** TASK TO CARRY OUT **
Below are the entries; give again exactly the lines from the one mentioning "Model Instagram India" through the one mentioning "Balenciaga Charm Black One Size", inclusive.

** SUPPLIED DATA **
::::::::

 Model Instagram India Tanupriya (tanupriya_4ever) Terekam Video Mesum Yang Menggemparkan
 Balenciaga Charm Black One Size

::::::::

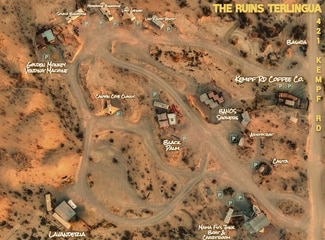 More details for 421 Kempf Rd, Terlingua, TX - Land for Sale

::::::::

** TASK SOLUTION **
 Model Instagram India Tanupriya (tanupriya_4ever) Terekam Video Mesum Yang Menggemparkan
 Balenciaga Charm Black One Size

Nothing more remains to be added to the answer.